In the related art, the air inlet portion and air outlet portion holes of the load lock chamber are mainly configured for the transformation of the air pressure environment therein, and have little effect on the cleaning of the interior thereof. After thoroughly studying the reasons, the inventors of the present disclosure have found that, in the related art, the air inlet portion and air outlet portion holes are arranged on two opposite sides of the load lock chamber, and the number of which is 1 to 2, respectively. Since the air inlet portion is directly connected to the interior of the load lock chamber, if a large amount of air is introduced into the load lock chamber, it is easy to form a vortex therein. If the vortex of gas flow flows to the air outlet portion, the gas flow is distributed and concentrated locally and thus cannot effectively contact various parts of the inner walls of the load lock chamber, limiting the effect on removing particulate dust attached to some inner walls of the load lock chamber. Therefore, it is necessary to regularly disassemble and clean the load lock chamber, resulting in the existence of the above-mentioned technical problems.

In view of the above-mentioned technical problems, the inventors of the present disclosure propose a load lock chamber, which improves the uniform distribution of the gas flow in the load lock chamber by changing the flow state of the gas flow therein, thereby improving the uniform contact effect between the gas flow and the inner walls of the load lock chamber, and thus improving the gas flow cleaning effect on the inner walls of the load lock chamber.
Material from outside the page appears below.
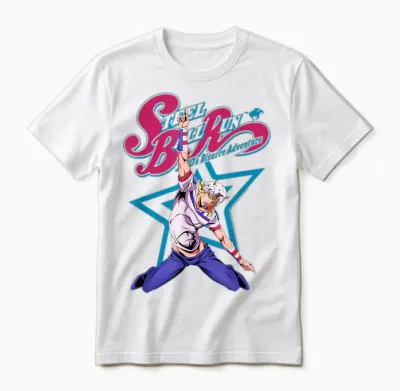 Steel Ball Run Johnny Joestar Pointing Action Pose Anime Unisex T-Shirt - White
It can effectively reduce the frequency of disassembly and cleaning of the load lock chamber, saving time and energy, and meanwhile can also improve the cleanliness of the inner walls of the load lock chamber during the maintenance period, which is conductive to improving the substrate yield.

FIGS. 1 to 5 show a schematic structure of the load lock chamber according to some embodiments of the present disclosure.

Referring to FIGS. 1, 2, 3 and 4, some embodiments of the present disclosure provide a load lock chamber 100 including: a chamber body 10. The chamber body 10 is formed with at least one loading cavity Q1 therein, and the chamber body 10 has an air inlet portion I and an air outlet portion O that are in communication with each loading cavity Q1. The chamber body 10 has at least one dispersion portion 10a, and each dispersion portion 10a is arranged corresponding to one loading cavity Q1. Each dispersion portion 10a includes a plurality of dispersion holes k1 that are arranged independently. Each dispersion hole k1 is in communication with the air inlet portion I and a corresponding loading cavity Q1, and is configured to disperse gas flow entering the corresponding loading cavity Q1.

One or more loading cavities Q1 can be provided. When a plurality of loading cavities Q1 are provided, one air inlet portion I and one air outlet portion O can be provided for all loading cavities Q1. In other words, all loading cavities Q1 share one air inlet portion I and one air outlet portion O. Alternatively, one air inlet portion I and one air outlet portion O can be independently provided for each loading cavity Q1. In other words, each loading cavity Q1 is provided with one air inlet portion I and one air outlet portion O, and the plurality of air inlet portions I are independent from each other, and the plurality of air outlet portions O are independent from each other. Each air inlet portion I may include one or more air inlet portion holes, and each air outlet portion O may include one or more air outlet portion holes. The air inlet portion I is in communication with a gas supply device, and the air outlet portion O in communication with a gas extraction device. The gas supply device can provide nitrogen, inert gas, etc. The gas extraction device may include a vacuum pump. In practical application, in order to reduce the number of the gas supply device and the gas extraction device, each air inlet portion I and each air outlet portion O respectively include one air inlet portion hole and one air outlet portion hole.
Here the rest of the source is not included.